Medium and small sized companies, which saw a meltdown last month, are coming back with a vengeance.
Nearly 335 of the 950 stocks in the small and midcap segment have gone up by 20 percent or more from their 52-week lows. But is there room for them to keep running?
The 55-year old Sharma is of the view that small-caps hardly get affected by the bear markets because "bull or bear markets are built on the back of the largecaps".
"A bear market doesn’t really happen in a small segment of the market. Smallcaps are the small part of the market," Sharma told CNBC-TV18.
At a time when most market experts are wary of investing in mid or small caps, Sharma is looking at smallcaps, which he says will continue to do very well.
"I still continue to be very bullish on smallcaps, they have corrected 50 percent its cost can’t go to zero."
Sharma, who picked Amazon and Apple in early 2000 and which have turned 100-bagger ever since, believes that smallcaps can have bear markets any time but they are unlikely to move the stocks market in any significant direction.
"They can fall 30-40 percent. You have seen even before this year last year demonetization every time 30 percent cuts, 40 percent cuts in smallcaps happen routinely. You want to call that a bear market or a very rapid correction those are all semantics."

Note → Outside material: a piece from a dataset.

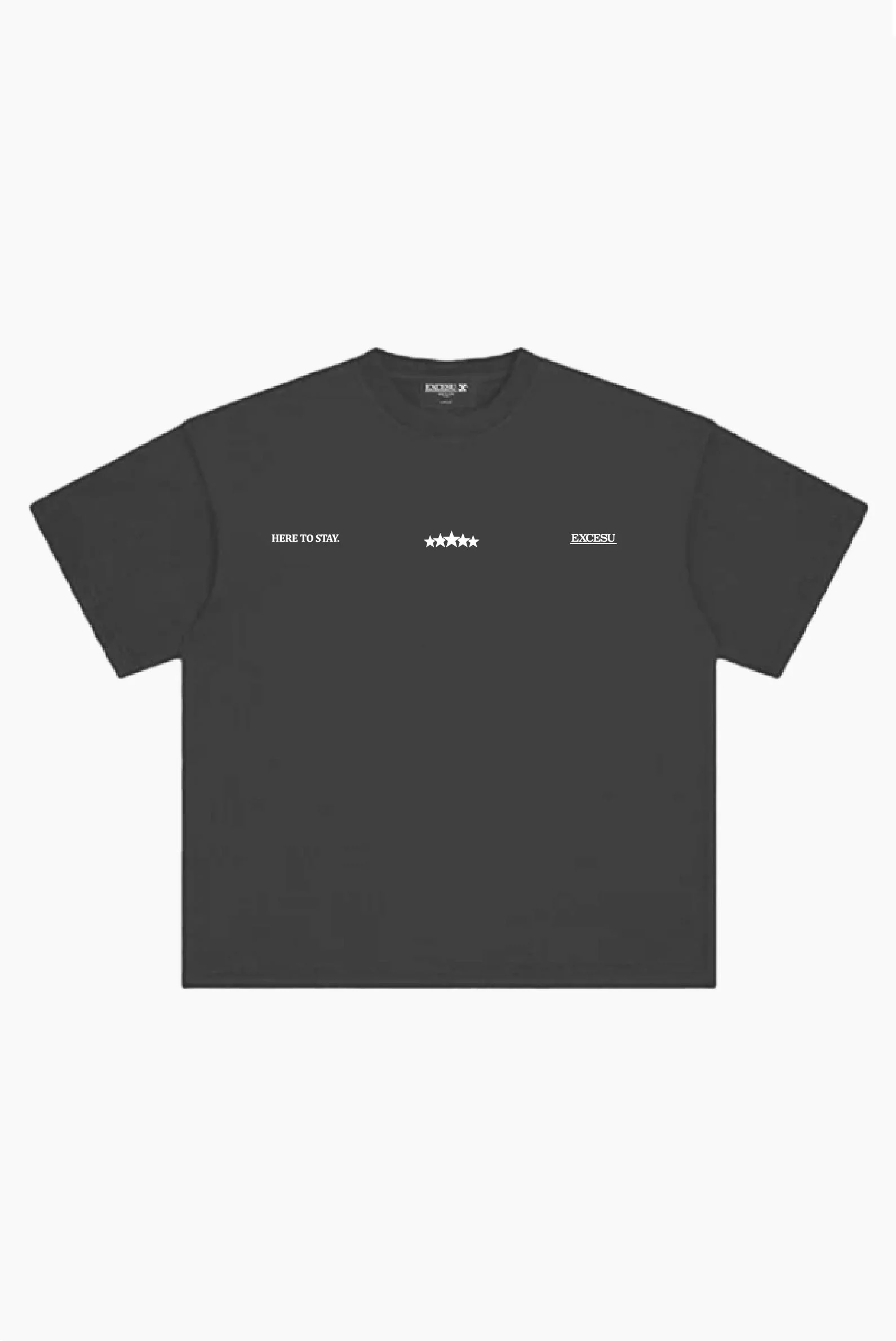 Luxury Stars Dark Grey T-Shirt - Image 2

But it's the largecaps that bear the maximum brunt in a selloff as they are driven by the economic fundamentals.
"The problem that has emerged in the last two months has been the larger macro of India, which will hit largecaps obviously the most. Because largecaps are totally linked to the macro of the country. Smallcaps have different dynamics, very small dynamics, local dynamics. So, exclude them from that discussion whether it is a bull market or bear market."